Mercedes' Ross Brawn, a veteran of the fluctuating fortunes of F1 teams, confirmed Booth's assertion.
“I think it would be if we had some teams drop out and the number of entrants, the number of cars entered, dropped below a certain level, then we do have to support extra entries,” he confirmed.
Talk about three-car teams is going hand-in-hand with the suggestion – from the bigger teams – that customer cars are the best way to secure the integrity of the grid. The smaller teams, however, don't agree that that is the way that F1 should go.
“We're not a supporter of customer cars, we think the identity of the teams is important, the fact that the teams design and build their own cars is important,” Brawn continued, “However, if F1 faced a situation where we didn't have sufficient cars on the grid then, of course, a three-car team is a possibility - but only in those circumstances.”
While Booth admits that running two cars is tough enough for Marussia, Caterham's Cyril Abiteboul believes that customer cars is not the way forward, even if costs need to be reduced across the board to make it viable for the smaller teams.
“I'm not in favour of customer cars [but], having said that, I think the situation we have is not necessarily sustainable,” the Frenchman insisted, “Clearly, an analysis must be made regarding what to do, and to make sure that we anticipate that correctly, [so that] there is also a gliding path to whatever solution is retained, whether it's a budget cap, RRA….
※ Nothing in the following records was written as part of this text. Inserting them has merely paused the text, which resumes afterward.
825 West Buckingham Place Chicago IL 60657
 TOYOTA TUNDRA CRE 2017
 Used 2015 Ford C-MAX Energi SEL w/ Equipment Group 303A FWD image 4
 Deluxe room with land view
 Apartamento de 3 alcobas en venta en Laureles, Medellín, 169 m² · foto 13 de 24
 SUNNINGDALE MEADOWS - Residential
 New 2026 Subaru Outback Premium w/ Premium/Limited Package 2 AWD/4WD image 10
“If we're all at fifty or one hundred million budget, the show will be no different at all, so I think that we need to be sensible about that, make sure that we are doing the right thing. If a third car is one thing to do, why not, but [in the given] example, there were only eight teams, so I would like to hope that we are not one of the three teams that will be out of the game….”
“Obviously [the smaller teams] are outnumbered, but F1 knows very well that it cannot really live without everyone, so maybe the process is a bit less inclusive than it's been in the past. It's more the goodwill and the agenda in general, rather than who is sitting [on the F1 strategy group] that will make a difference.”